By Lyle Dennis, Cavarocchi – Ruscio – Dennis Associates, Consultants to AASLD
We have written periodically throughout the year about the appropriations process in the House and Senate and the congressional leadership’s determination to get their FY19 funding legislation passed and signed into law in a timely manner. However, we are starting to see some indications of the possibility that the usual problem – too little money for too great a need, as well as significant unaddressed policy issues – could begin to derail the progress that has been made to date.
Both the House and Senate Appropriations Committees have completed work on the bill that includes funding for most of the agencies within the Department of Health and Human Services. The debate will be long and loud as the bill, among other things, the House bill eliminates all funding for the Title X Family Planning program and has an inadequate amount of money for the unaccompanied and separated minors at the border. The Senate’s comparable bill fully funds Title X, but it is also not fully addressing the border situation.
On balance, the funding news in both the House and Senate bills is generally positive. NIH is increased by $1.25 billion in the House and by $2.0 billion in the Senate. The proposal to cut AHRQ’s funding and merge it into NIH is rejected in both bills, for the second year in a row. Both bills restore cuts that were recommended by the administration in the area of health professions education and training.
So what is the problem?
Congress seems to be losing its will to move these bills to the floor of the respective houses for votes on passage. The shadow of the 2018 midterm election is looming larger and larger. Appropriations bills are traditionally brought to the floor of the House under a provision that makes all amendments in order – and there are thousands of line items in these bills that could be subject to an amendment vote that could be politically embarrassing to one party or the other.

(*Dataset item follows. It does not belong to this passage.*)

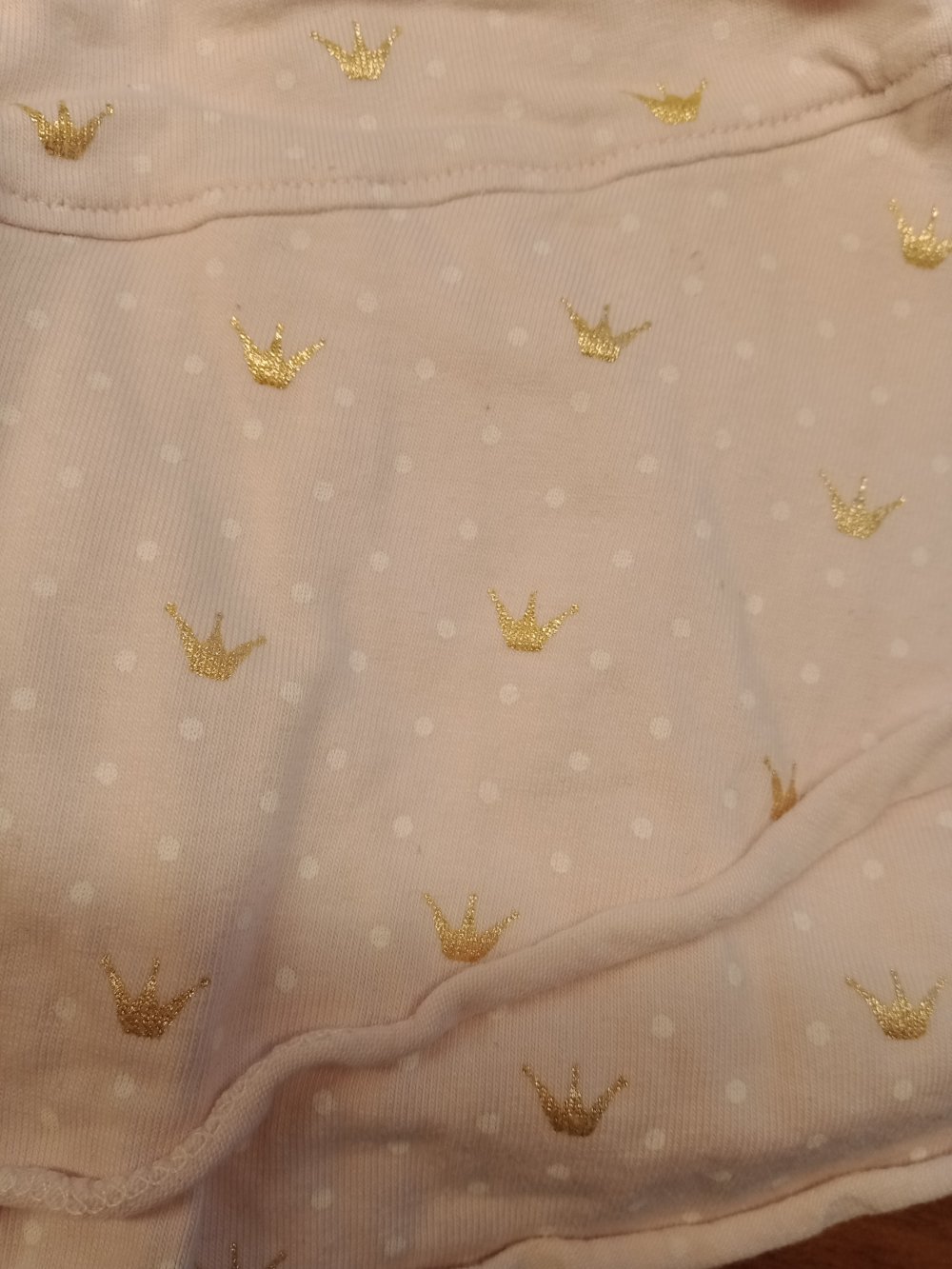 rosa Baumwollkleidchen mit goldenen Krönchen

And then there is the problem that the bills might not pass and will embarrass the congressional leadership by making them look incapable of governing. This problem is one of the unintended consequences of “earmark reform.”
Appropriations bills were once considered must-pass legislation. However, since the elimination of earmarks – congressionally directed funding to a specific institution – there is very little reason to take tough votes on appropriations bills. If you are a conservative member of Congress, it is very easy to say, “This bill spends too much money. I am voting no.” On the other hand, if you are a progressive member of the House or Senate, it is just as easy to say “This bill shortchanges my constituents’ interests. I am voting no.”
This is the political reality of trying to fund the government in the current hyper-partisan environment. For groups like AASLD and many others in Washington, it is critical that we make clear to our elected representatives that failure to fund the government, or funding it under a Continuing Resolution at last year’s level, is an abrogation of their responsibility as stewards of public funds – and that such action have real consequences. New research grants are delayed; continuation grants are reduced by 10 to 20 percent depending on the agency; programs have to be scaled back.
None of these outcomes benefit the American people.